O leilão da coleção de Léon Parcé foi realizado com sucesso.

Entre os itens vendidos estavam obras científicas fundamentais, como a 1ª edição (1687, Principia Matemática da Filosofia Natural, em tradução livre) de Philosophiæ Naturalis Principia Mathematica, de Isaac Newton, e Discorsi e dimostrazioni matematiche, intorno a due nuove scienze (1638, Discursos e demonstrações matemáticas sobre duas novas ciências, em tradução livre), a última grande obra de Galileu sobre física e mecânica.

Também mudaram de mãos obras de pensadores como Johannes Kepler, Pierre de Fermat, Michel de Montaigne, Montesquieu e até Miguel de Cervantes.

Tudo refletia a abrangência da coleção erudita.

Mas Parcé era, acima de tudo, um grande admirador de Pascal. Por isso, dedicou décadas a colecionar obras, cartas, instrumentos e primeiras edições relacionadas a essa importante figura francesa.

As peças foram vendidas ao maior lance, mas houve uma grande ausência: horas antes, a Christie's havia confirmado que não levaria adiante o leilão da pascalina.

Os críticos da venda aberta da pascalina não se limitaram a publicar opiniões na imprensa; apresentaram um recurso legal de emergência para impedi-la.

Embora seis das nove pascalinas originais conhecidas estejam em museus franceses, esta — que estava em mãos privadas — "é a única projetada para topografia; funciona com unidades de medida adequadas (braças, pés, polegadas e linhas)".

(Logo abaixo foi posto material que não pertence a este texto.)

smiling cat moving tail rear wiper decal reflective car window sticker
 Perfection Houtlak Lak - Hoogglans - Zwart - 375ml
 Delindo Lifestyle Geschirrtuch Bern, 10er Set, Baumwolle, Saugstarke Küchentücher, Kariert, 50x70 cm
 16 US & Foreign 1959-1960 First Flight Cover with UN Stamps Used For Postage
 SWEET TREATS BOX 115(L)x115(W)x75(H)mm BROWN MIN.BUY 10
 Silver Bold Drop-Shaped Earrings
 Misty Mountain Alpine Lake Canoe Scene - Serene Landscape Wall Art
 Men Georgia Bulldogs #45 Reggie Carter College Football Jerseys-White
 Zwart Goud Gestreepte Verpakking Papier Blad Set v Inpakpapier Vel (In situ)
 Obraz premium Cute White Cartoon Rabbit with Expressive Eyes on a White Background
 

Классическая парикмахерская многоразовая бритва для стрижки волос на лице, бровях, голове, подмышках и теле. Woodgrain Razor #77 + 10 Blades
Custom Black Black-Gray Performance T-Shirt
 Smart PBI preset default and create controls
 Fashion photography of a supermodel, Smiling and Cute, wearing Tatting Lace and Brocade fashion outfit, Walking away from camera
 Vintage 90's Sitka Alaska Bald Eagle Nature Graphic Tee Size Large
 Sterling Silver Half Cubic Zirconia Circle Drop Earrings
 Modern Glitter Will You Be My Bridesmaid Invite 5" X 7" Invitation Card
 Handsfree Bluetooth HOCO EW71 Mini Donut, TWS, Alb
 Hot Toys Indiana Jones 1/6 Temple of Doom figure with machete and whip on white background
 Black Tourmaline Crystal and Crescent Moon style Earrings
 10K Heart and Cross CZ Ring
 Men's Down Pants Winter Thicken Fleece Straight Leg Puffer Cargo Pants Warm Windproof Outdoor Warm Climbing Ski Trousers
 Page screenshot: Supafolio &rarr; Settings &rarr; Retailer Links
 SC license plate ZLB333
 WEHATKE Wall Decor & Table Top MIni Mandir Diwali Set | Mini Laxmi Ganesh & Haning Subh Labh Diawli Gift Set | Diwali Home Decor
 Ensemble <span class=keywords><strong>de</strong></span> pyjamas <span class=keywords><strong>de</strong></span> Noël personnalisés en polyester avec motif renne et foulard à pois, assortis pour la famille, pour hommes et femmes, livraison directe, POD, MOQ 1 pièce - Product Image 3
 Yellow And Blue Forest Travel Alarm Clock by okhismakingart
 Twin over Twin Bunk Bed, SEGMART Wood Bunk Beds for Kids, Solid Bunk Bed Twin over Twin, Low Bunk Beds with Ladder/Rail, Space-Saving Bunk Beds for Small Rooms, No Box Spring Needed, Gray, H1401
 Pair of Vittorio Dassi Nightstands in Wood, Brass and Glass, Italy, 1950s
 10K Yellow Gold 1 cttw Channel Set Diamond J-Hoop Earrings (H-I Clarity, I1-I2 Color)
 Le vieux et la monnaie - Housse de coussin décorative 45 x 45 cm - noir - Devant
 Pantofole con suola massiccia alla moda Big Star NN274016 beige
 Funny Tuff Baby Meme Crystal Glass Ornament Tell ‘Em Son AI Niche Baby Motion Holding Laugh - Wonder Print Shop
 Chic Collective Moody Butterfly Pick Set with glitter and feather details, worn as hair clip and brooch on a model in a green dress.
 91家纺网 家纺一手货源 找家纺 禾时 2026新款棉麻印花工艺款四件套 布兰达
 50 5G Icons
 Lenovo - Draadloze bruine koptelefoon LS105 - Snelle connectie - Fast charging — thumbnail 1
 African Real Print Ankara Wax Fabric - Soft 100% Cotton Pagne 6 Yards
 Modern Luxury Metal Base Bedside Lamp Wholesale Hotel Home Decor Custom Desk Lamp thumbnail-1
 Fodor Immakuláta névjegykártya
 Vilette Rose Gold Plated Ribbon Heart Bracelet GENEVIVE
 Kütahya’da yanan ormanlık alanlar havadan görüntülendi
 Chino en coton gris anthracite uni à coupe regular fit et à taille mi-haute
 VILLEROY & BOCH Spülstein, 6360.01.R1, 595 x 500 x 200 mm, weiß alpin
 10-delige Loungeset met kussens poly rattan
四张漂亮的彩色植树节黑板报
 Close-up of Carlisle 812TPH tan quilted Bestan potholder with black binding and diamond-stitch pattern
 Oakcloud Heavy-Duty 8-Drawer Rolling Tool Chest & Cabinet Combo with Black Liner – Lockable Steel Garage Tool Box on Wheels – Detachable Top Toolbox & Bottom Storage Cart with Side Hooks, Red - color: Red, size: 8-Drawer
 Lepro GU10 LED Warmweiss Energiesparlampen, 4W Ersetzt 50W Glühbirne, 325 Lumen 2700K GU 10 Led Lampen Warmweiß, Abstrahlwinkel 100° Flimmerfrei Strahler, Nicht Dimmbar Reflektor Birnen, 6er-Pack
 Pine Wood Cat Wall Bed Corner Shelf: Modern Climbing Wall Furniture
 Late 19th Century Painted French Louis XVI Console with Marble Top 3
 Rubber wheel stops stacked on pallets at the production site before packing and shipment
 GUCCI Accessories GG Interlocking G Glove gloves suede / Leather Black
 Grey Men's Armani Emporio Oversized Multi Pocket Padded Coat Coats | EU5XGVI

"É crucial que este objeto, pouco conhecido até agora, exceto por alguns especialistas, faça parte de uma coleção pública, para que possa ser estudado pela comunidade científica internacional e para que o país onde foi criado possua um exemplar completo deste instrumento."

Para avaliar os méritos do protesto, o tribunal administrativo de Paris bloqueou temporariamente uma autorização de exportação concedida pelo ministro da Cultura francês em maio.

O juiz concluiu que havia "sérias dúvidas" sobre a legalidade do certificado, segundo comunicado do tribunal de Paris.

A decisão determinou que a máquina "provavelmente seria classificada como 'tesouro nacional', segundo a definição do código do patrimônio", o que impediria a pascalina de deixar o território francês.

O tribunal acrescentou, porém, que a decisão é provisória até a sentença definitiva.

Assim, ao menos por enquanto, a pascalina em disputa permanece em casa.